La versione di Andrea Dini non convince le opposizioni. I nemico politici di Fontana non la mandano giù. Da qui la richiesta di un intervento in Consiglio comunale oggi pomeriggio. Montano sospetti, i dubbi crescono di ora in ora. Le opposizioni ritengono che la variazione in corso d’opera, da acquisto in donazione, sia stato il classico escamotage. Il motivo? Mettersi al riparo delle polemiche che avrebbero fatto seguito alle rivelazioni del Fatto Quotidiano e di Report. "Una gara non gara? Magheggi a insaputa dei protagonisti che solo i leghisti possono fare, nonostante la gravissima situazione che li circondava. Morivano migliaia di persone", accusa con la forza delle persone convinte, sicure di quello che dicono, e l’impeto di una dialettica che non prevede attenuanti, il rappresentante dei Cinque Stelle, Massimo De Rosa. "Se proprio vogliamo praticare ai leghisti uno sconto, si può affermare con certezza che questo è un altro pasticcio. Uno dei molti, nella migliore delle ipotesi", punta il dito accusatorio il Pd Fabio Pizzul.

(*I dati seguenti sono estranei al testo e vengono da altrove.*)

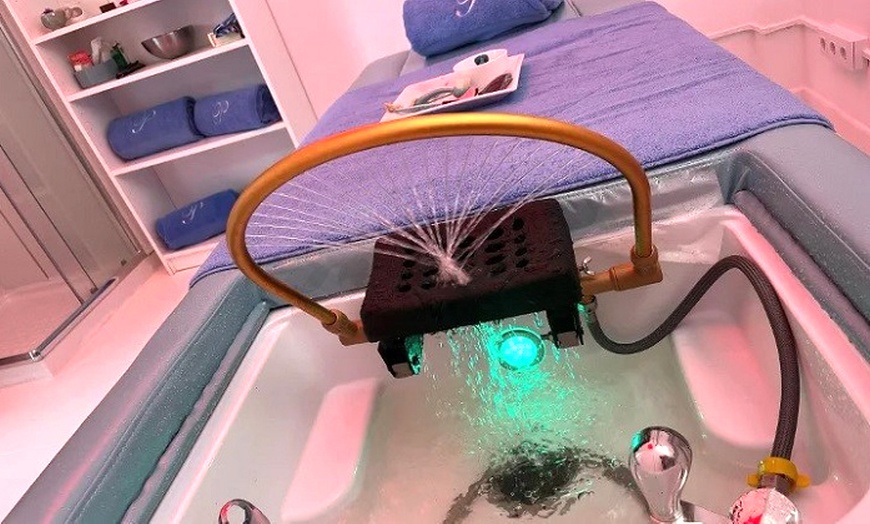 Image 12: Head spa japonés de 45 minutos para 1 persona con bebida de cortesía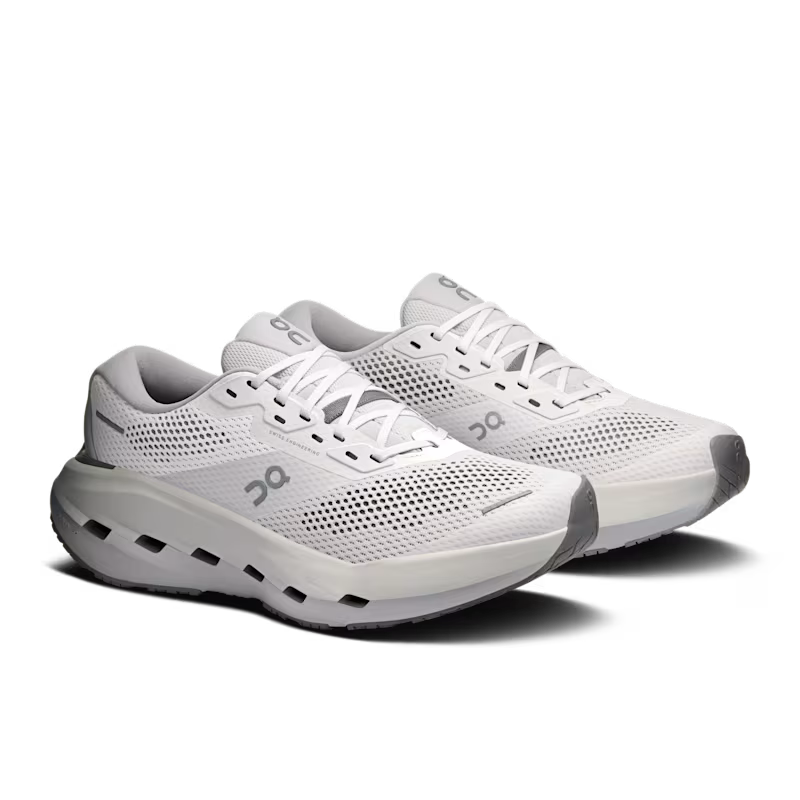 ON Cloudrunner 3 Max Mens FOOTWEAR - Mens Neutral Cushioned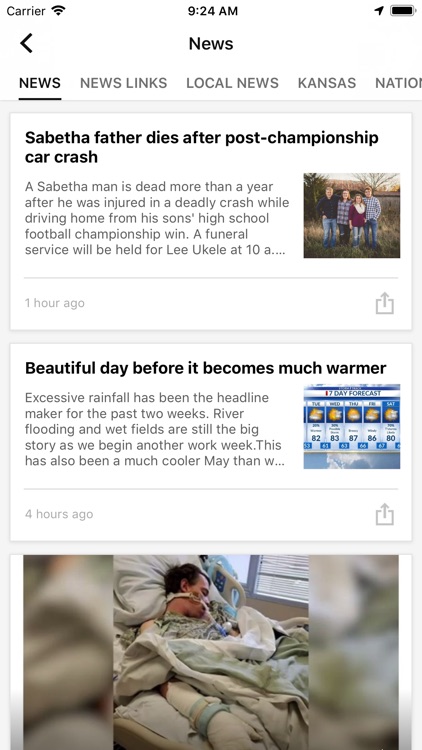 KSNT News - Topeka, KS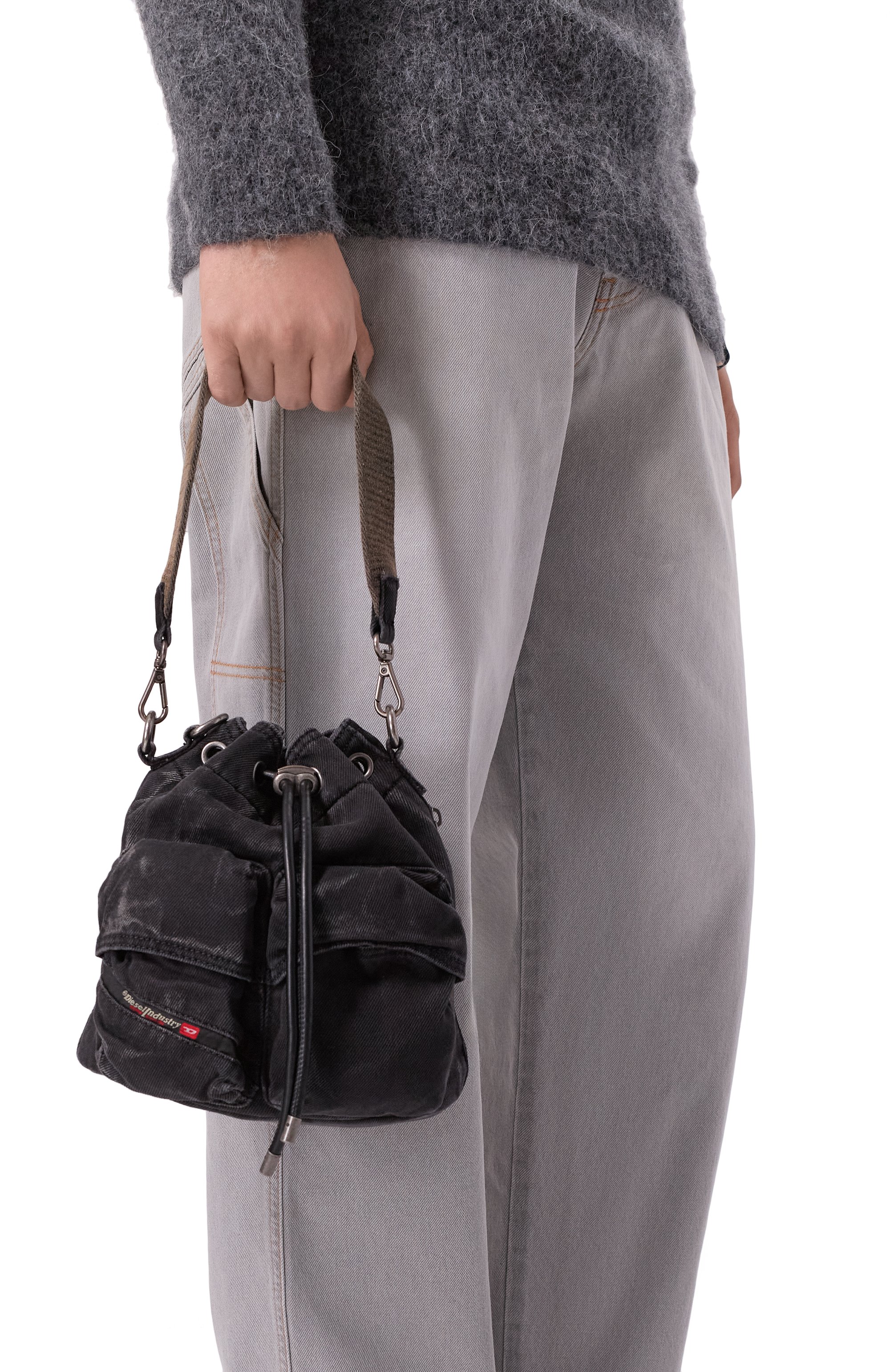 Сумка multi-pkts bucket x DIESEL, арт. X10375/P4485, фото 2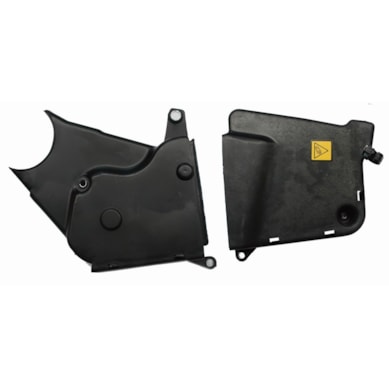 KIT CAPA PROTEÇÃO DA CORREIA FIAT PALIO 2010-2016 MTA 2M - 0106012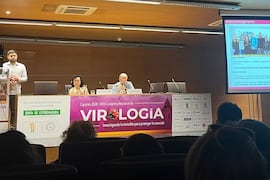 Profesional paraguayo lidera una investigación virológica en España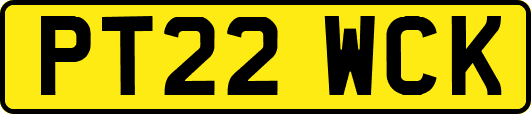 PT22WCK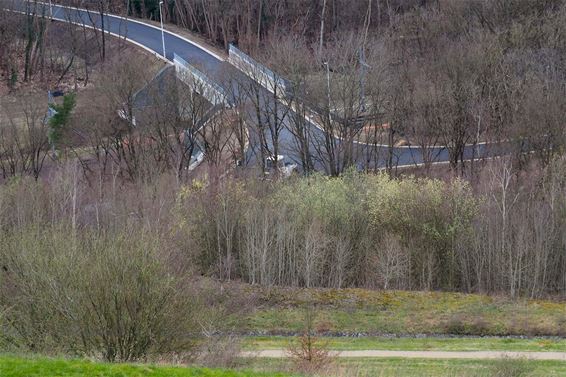 Eindelijk terug open! - Beringen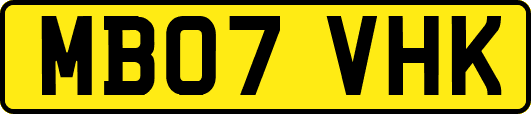 MB07VHK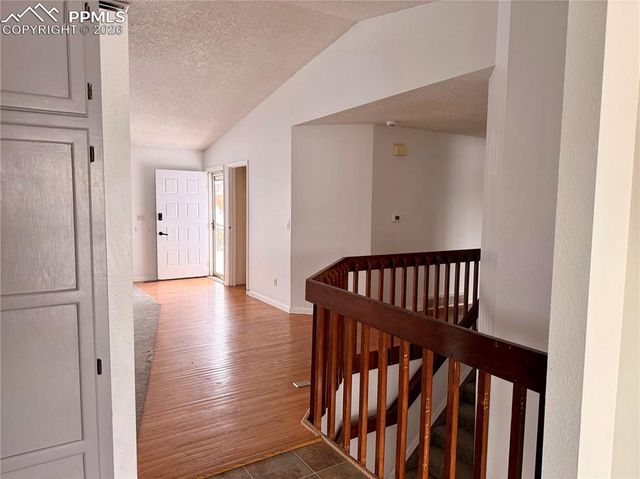 7565 Woody Creek Drive, Colorado Springs, CO 80911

I democratici annunciano un’interrogazione parlamentare. Fontana e la Lega hanno richiesto alla Rai di bloccare la messa in onda del servizio. Richiesta non accolta. La protesta leghista è stata rabbiosa a prescindere. "Nell’automatismo della burocrazia, nel rispetto delle norme fiscali e tributarie, l’azienda oggetto del servizio di Report accompagnava il materiale erogato attraverso regolare fattura stante alla base la volontà di donare il materiale alla Lombardia. Tanto che prima del pagamento della fattura è stata emessa una nota di credito, bloccando di fatto qualunque incasso". Arrampicata sugli specchi o rappresentazione di una verità non digeribile secondo i partiti che stanno all’opposizione in Regione Lombardia, e ne praticano l’esercizio con particolare puntiglio. Picchiano duro Movimento Cinque Stelle e Partito Democratico. Nondimeno è tosta la replica dei leghisti, non disposti a farsi mettere i piedi addosso e soprattutto a ritrovarsi all’angolo. "Nessuna accusa può esser fatta a coloro che nel periodo di guerra al Covid 19 hanno agito con responsabilità e senso civico, per il bene comune".
Ma nessun riferimento a un dato di fatto oggettivo. Neppure un accenno, e la leggerezza stupisce M5S e Pd. La voce leghista ignora che "l’azienda oggetto del servizio di Report, la Dama Spa, il noto marchio di abbigliamento Paul&Shark, è effettivamente di proprietà della moglie e del cognato del presidente di Regione". Una feroce bagarre, tra accuse e repliche. Una partita dialettica dall’esito finale forse anche prevedibile. Anche se per normale eccesso di prudenza, solo per questo, l’unica previsione attendibile è che ne vedremo di tutti i colori. Di verde e azzurro, giallo e rosso, nei giorni a venire.